- **WHAT YOU NEED TO DO**: Exactly the lines from the one containing "Large Capacity Women's" through the one containing "ANINE BING Malou" in the listing below are to be copied, with the pictures left out.

- **RECORDED DATA**:
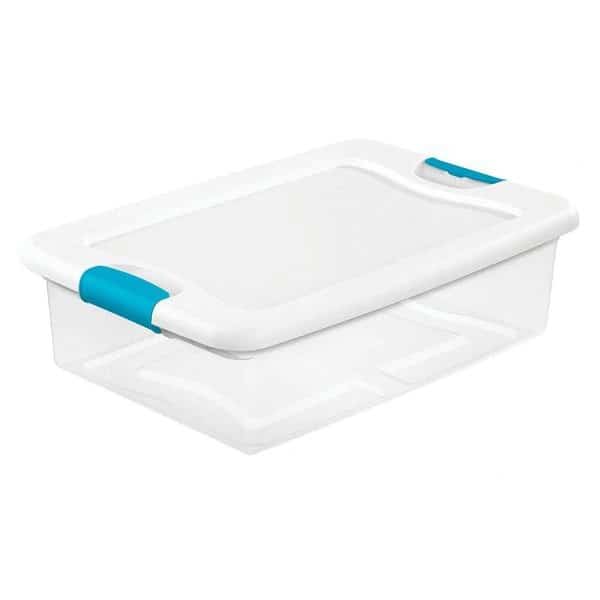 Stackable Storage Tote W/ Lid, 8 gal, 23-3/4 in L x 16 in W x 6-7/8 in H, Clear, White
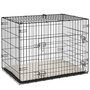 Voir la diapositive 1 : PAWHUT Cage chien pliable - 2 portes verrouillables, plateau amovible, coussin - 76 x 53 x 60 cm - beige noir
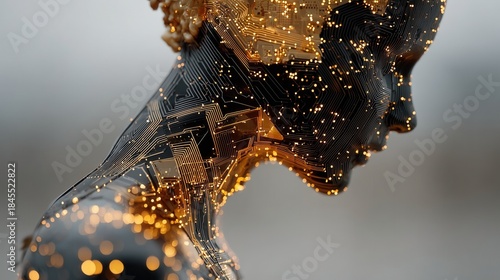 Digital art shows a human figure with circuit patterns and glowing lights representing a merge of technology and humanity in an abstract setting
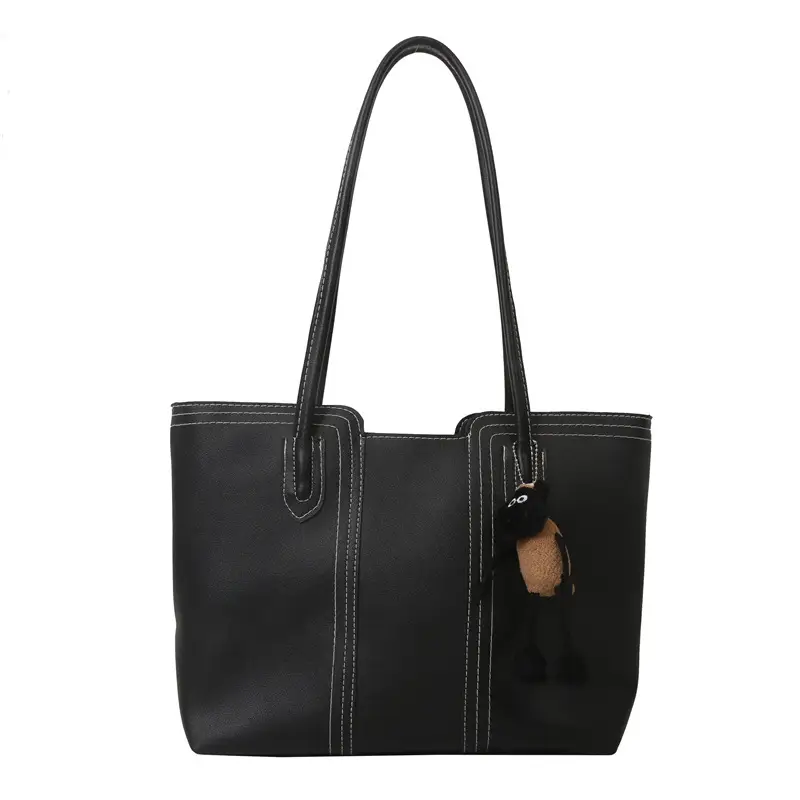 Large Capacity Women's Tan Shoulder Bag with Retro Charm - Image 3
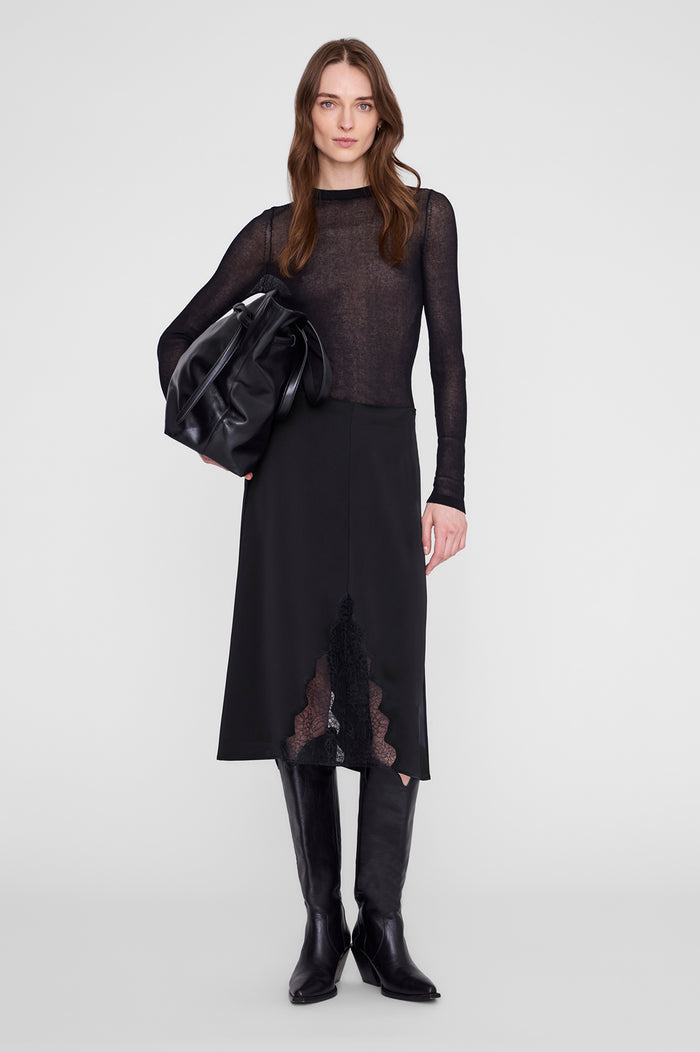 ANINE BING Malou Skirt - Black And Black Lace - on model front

--

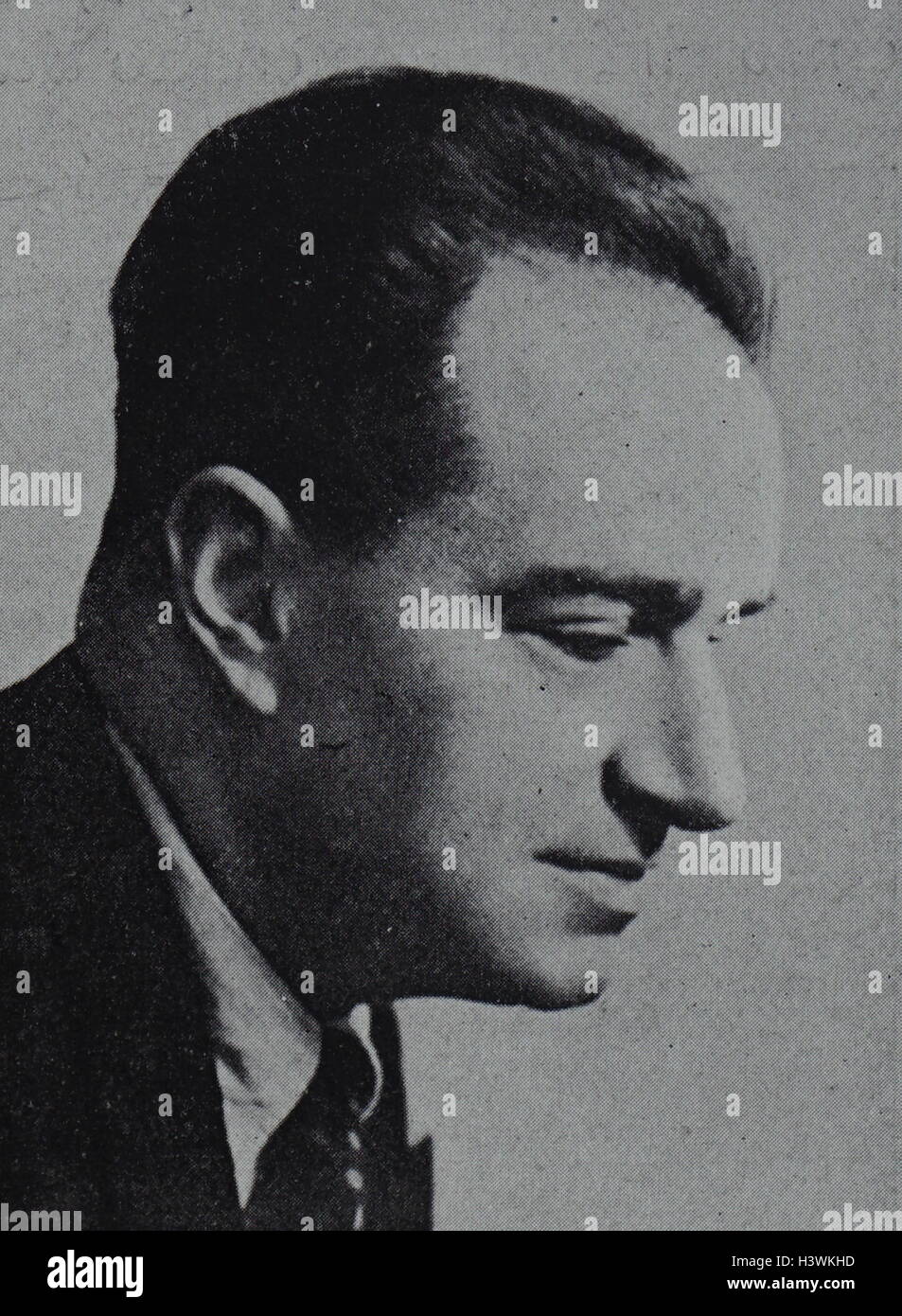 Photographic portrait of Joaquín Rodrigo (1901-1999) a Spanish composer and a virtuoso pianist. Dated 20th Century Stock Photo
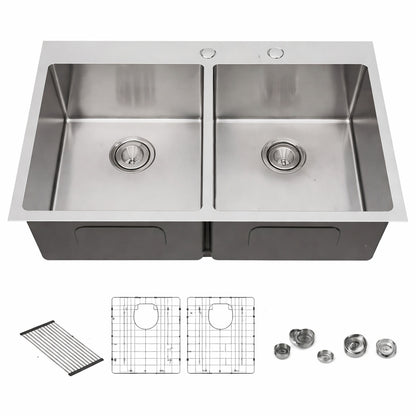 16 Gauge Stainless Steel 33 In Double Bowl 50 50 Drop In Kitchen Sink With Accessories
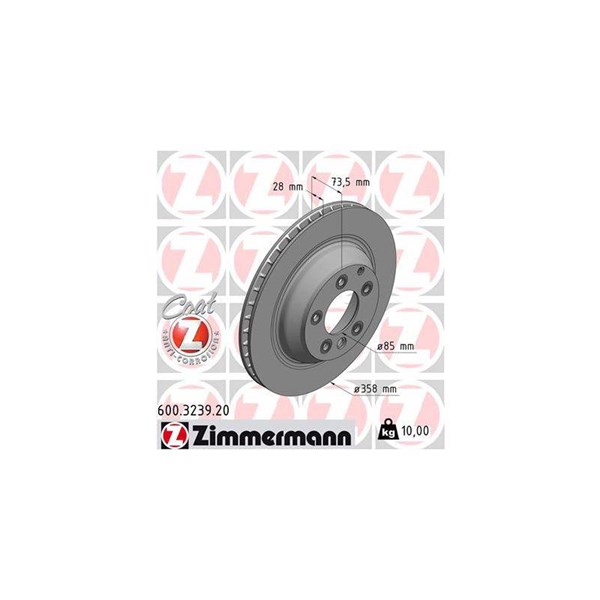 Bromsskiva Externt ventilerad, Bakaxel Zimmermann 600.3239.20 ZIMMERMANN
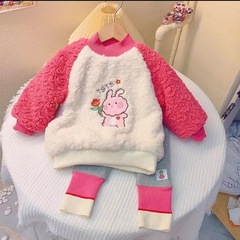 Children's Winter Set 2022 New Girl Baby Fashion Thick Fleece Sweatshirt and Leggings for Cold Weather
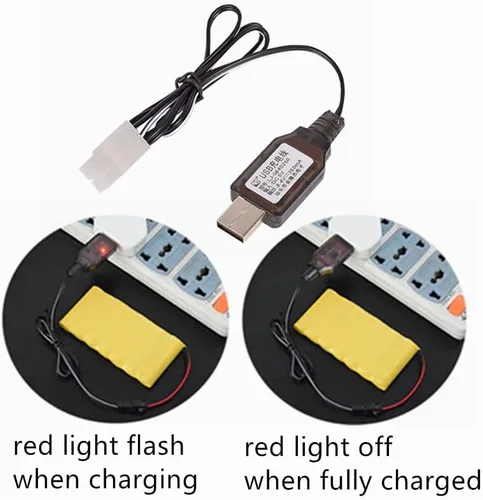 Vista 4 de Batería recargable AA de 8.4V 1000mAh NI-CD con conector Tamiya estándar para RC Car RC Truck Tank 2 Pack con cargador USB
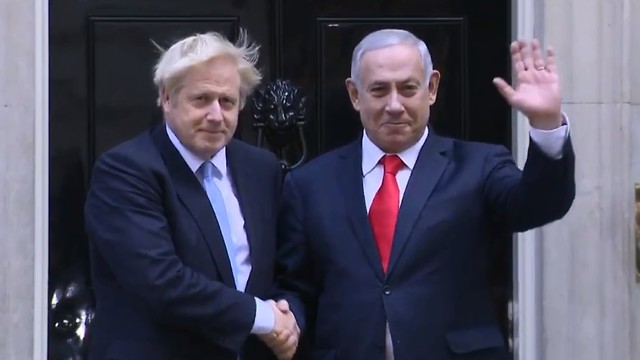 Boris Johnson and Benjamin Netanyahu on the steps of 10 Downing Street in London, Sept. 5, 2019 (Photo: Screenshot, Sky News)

- **RESPONSE TO THIS EXERCISE**:
 Large Capacity Women's Tan Shoulder Bag with Retro Charm - Image 3
 ANINE BING Malou Skirt - Black And Black Lace - on model front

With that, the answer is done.